Records from a data collection:
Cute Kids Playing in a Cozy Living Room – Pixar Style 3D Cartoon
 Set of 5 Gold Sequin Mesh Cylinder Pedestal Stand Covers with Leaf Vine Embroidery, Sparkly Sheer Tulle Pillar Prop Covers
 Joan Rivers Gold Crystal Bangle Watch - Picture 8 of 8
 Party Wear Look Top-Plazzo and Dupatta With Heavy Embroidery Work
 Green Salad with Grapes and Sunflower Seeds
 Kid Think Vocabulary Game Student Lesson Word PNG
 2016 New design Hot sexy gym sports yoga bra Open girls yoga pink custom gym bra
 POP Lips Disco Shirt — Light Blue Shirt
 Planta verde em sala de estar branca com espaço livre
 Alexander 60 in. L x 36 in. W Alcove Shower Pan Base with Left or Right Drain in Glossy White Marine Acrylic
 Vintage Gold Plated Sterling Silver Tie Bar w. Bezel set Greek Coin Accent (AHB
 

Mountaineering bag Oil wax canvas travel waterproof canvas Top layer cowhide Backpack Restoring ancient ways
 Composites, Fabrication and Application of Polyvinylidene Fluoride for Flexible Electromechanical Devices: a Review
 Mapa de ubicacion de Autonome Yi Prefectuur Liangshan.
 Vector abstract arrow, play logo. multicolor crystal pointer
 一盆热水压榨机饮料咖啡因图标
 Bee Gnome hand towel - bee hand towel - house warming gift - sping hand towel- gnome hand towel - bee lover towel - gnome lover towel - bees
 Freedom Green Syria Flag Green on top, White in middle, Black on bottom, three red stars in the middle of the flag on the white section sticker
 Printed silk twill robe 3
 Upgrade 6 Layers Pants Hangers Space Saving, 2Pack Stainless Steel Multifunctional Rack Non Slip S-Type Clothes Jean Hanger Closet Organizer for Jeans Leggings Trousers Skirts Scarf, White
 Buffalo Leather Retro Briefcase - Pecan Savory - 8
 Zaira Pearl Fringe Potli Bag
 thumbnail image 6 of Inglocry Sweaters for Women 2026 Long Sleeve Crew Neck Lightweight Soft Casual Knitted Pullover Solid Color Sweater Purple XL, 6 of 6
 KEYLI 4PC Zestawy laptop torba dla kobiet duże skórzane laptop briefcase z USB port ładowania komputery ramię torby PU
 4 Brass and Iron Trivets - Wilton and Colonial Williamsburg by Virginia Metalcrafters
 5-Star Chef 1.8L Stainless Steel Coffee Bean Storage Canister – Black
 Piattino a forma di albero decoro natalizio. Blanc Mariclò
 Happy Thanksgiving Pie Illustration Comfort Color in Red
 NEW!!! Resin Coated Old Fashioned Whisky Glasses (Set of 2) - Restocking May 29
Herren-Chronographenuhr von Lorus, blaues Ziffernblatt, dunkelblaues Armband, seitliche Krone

▸ **Task details**: All the entries above need to be reproduced exactly.

▸ **Output for this exercise**:
Cute Kids Playing in a Cozy Living Room – Pixar Style 3D Cartoon
 Set of 5 Gold Sequin Mesh Cylinder Pedestal Stand Covers with Leaf Vine Embroidery, Sparkly Sheer Tulle Pillar Prop Covers
 Joan Rivers Gold Crystal Bangle Watch - Picture 8 of 8
 Party Wear Look Top-Plazzo and Dupatta With Heavy Embroidery Work
 Green Salad with Grapes and Sunflower Seeds
 Kid Think Vocabulary Game Student Lesson Word PNG
 2016 New design Hot sexy gym sports yoga bra Open girls yoga pink custom gym bra
 POP Lips Disco Shirt — Light Blue Shirt
 Planta verde em sala de estar branca com espaço livre
 Alexander 60 in. L x 36 in. W Alcove Shower Pan Base with Left or Right Drain in Glossy White Marine Acrylic
 Vintage Gold Plated Sterling Silver Tie Bar w. Bezel set Greek Coin Accent (AHB
 

Mountaineering bag Oil wax canvas travel waterproof canvas Top layer cowhide Backpack Restoring ancient ways
 Composites, Fabrication and Application of Polyvinylidene Fluoride for Flexible Electromechanical Devices: a Review
 Mapa de ubicacion de Autonome Yi Prefectuur Liangshan.
 Vector abstract arrow, play logo. multicolor crystal pointer
 一盆热水压榨机饮料咖啡因图标
 Bee Gnome hand towel - bee hand towel - house warming gift - sping hand towel- gnome hand towel - bee lover towel - gnome lover towel - bees
 Freedom Green Syria Flag Green on top, White in middle, Black on bottom, three red stars in the middle of the flag on the white section sticker
 Printed silk twill robe 3
 Upgrade 6 Layers Pants Hangers Space Saving, 2Pack Stainless Steel Multifunctional Rack Non Slip S-Type Clothes Jean Hanger Closet Organizer for Jeans Leggings Trousers Skirts Scarf, White
 Buffalo Leather Retro Briefcase - Pecan Savory - 8
 Zaira Pearl Fringe Potli Bag
 thumbnail image 6 of Inglocry Sweaters for Women 2026 Long Sleeve Crew Neck Lightweight Soft Casual Knitted Pullover Solid Color Sweater Purple XL, 6 of 6
 KEYLI 4PC Zestawy laptop torba dla kobiet duże skórzane laptop briefcase z USB port ładowania komputery ramię torby PU
 4 Brass and Iron Trivets - Wilton and Colonial Williamsburg by Virginia Metalcrafters
 5-Star Chef 1.8L Stainless Steel Coffee Bean Storage Canister – Black
 Piattino a forma di albero decoro natalizio. Blanc Mariclò
 Happy Thanksgiving Pie Illustration Comfort Color in Red
 NEW!!! Resin Coated Old Fashioned Whisky Glasses (Set of 2) - Restocking May 29
Herren-Chronographenuhr von Lorus, blaues Ziffernblatt, dunkelblaues Armband, seitliche Krone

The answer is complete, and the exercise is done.